**Data extracts**
· · · · ·
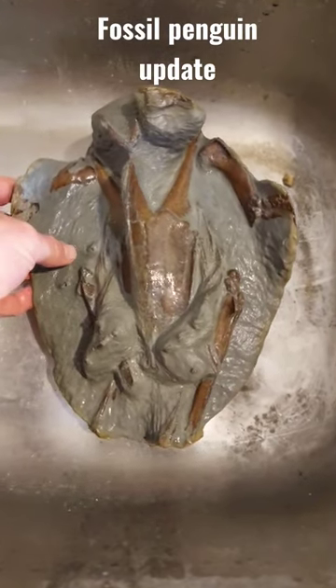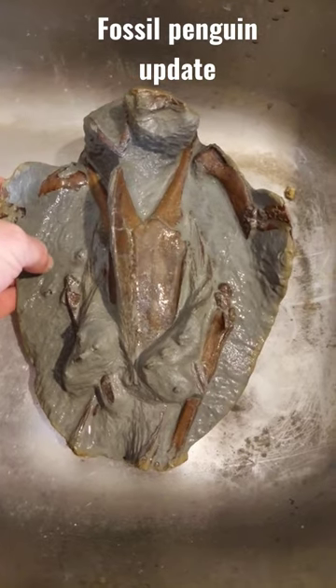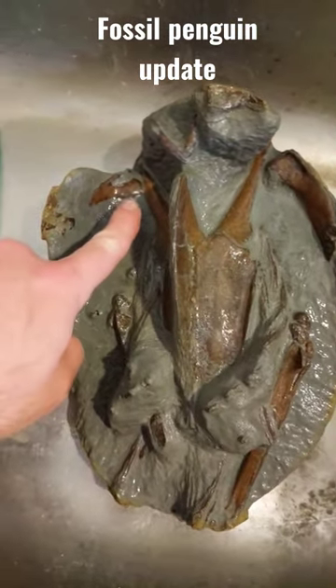I'm just about to change the water out again — it's been in the acid for a while, so I'm just doing a rinse in the water for a day. But you can see I've been working on the left hand side here.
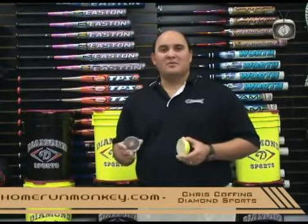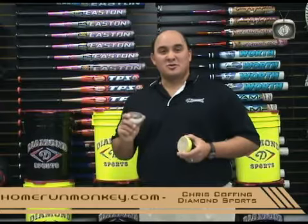You can find a full line of Diamond products at the Home Run Monkey Superstore or online at HomeRunMonkey.com.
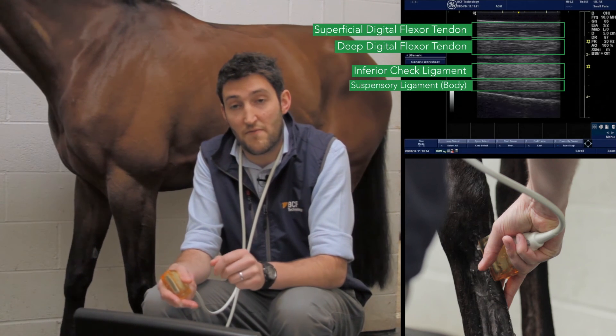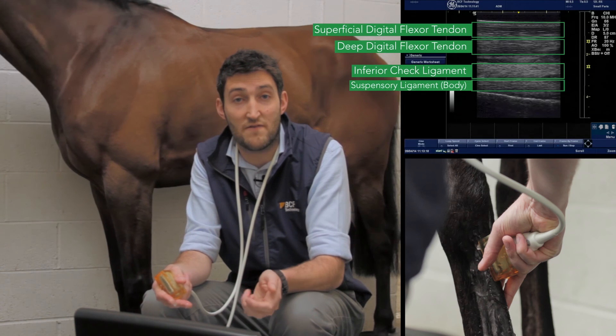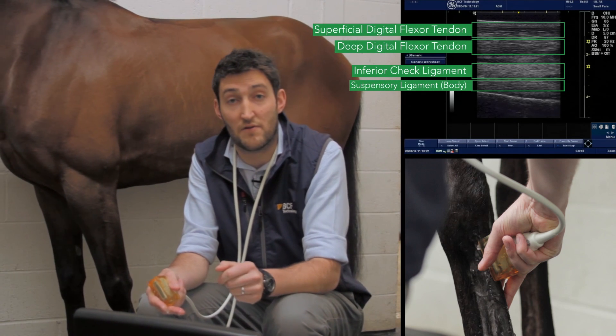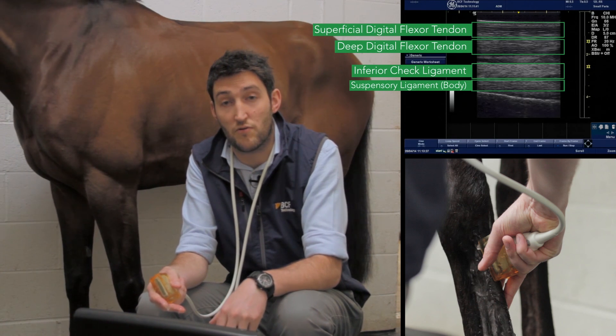It's quite important that as we go through taking these images, you just remember to save them and label them as well. We've already discussed how to do that, but just make sure — this is a clinical record and it's worth keeping those images as you go through.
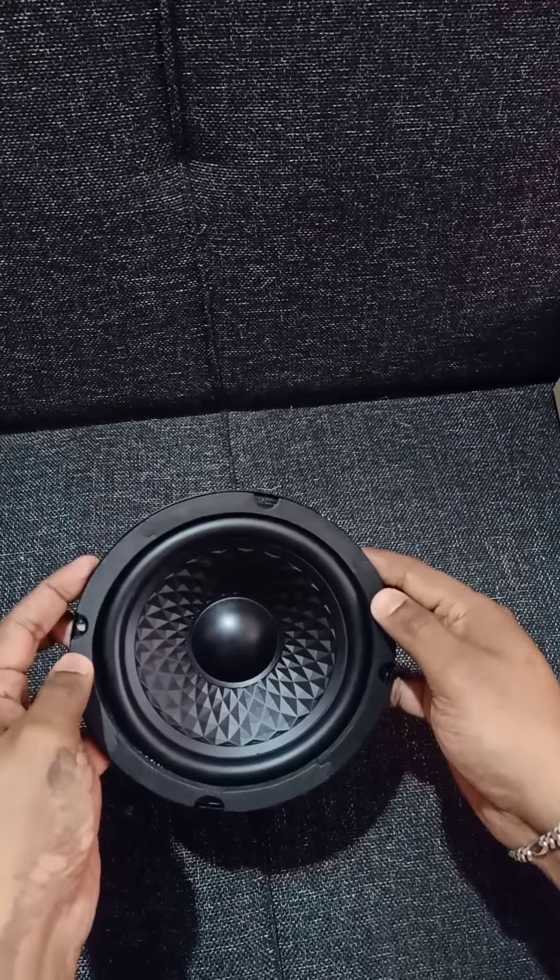There is a maximum of 100 watts. We have uploaded a video on the YouTube channel. This new woofer is available. If you wish, you can contact us in the description.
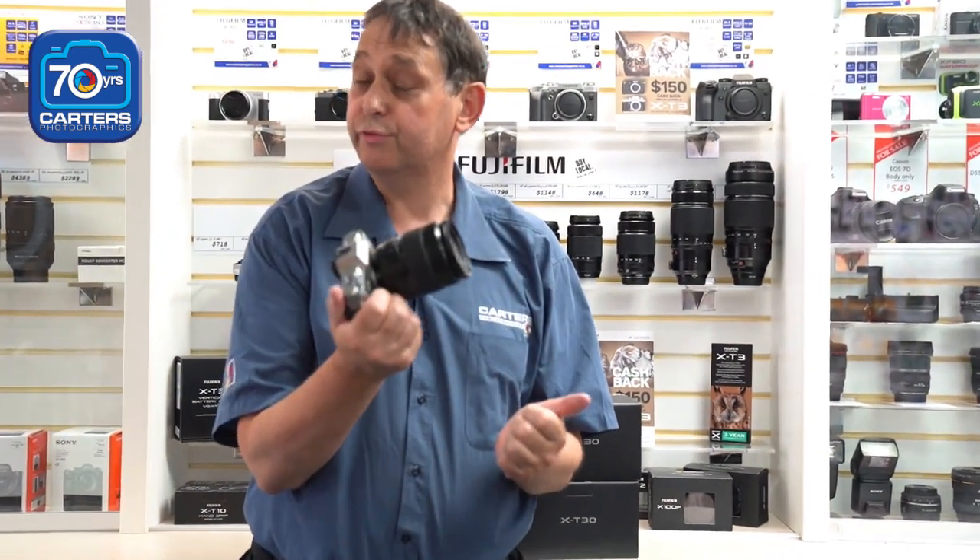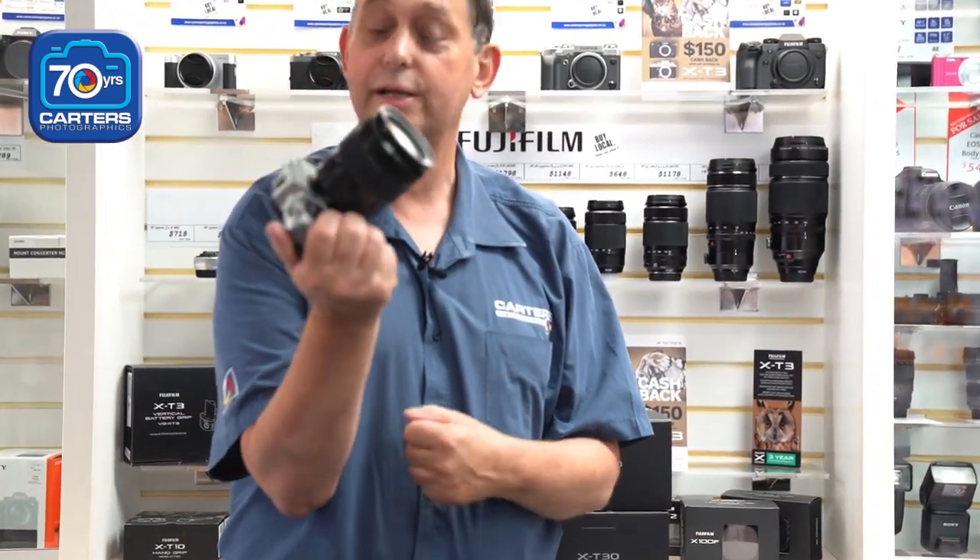Hi guys, welcome to Terri Tech here. At last, the X-T30 has finally arrived. It's available in the usual kit formats — 18-55 in the case of this one, or 18-135.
· · · · ·
Restate, exactly as they appear, the line with "It's quite important" and all the lines after it up to the end of the data above; images do not belong in the copy.

**Result for this exercise**
It's quite important that as we go through taking these images, you just remember to save them and label them as well. We've already discussed how to do that, but just make sure — this is a clinical record and it's worth keeping those images as you go through.
There is a maximum of 100 watts. We have uploaded a video on the YouTube channel. This new woofer is available. If you wish, you can contact us in the description.
Hi guys, welcome to Terri Tech here. At last, the X-T30 has finally arrived. It's available in the usual kit formats — 18-55 in the case of this one, or 18-135.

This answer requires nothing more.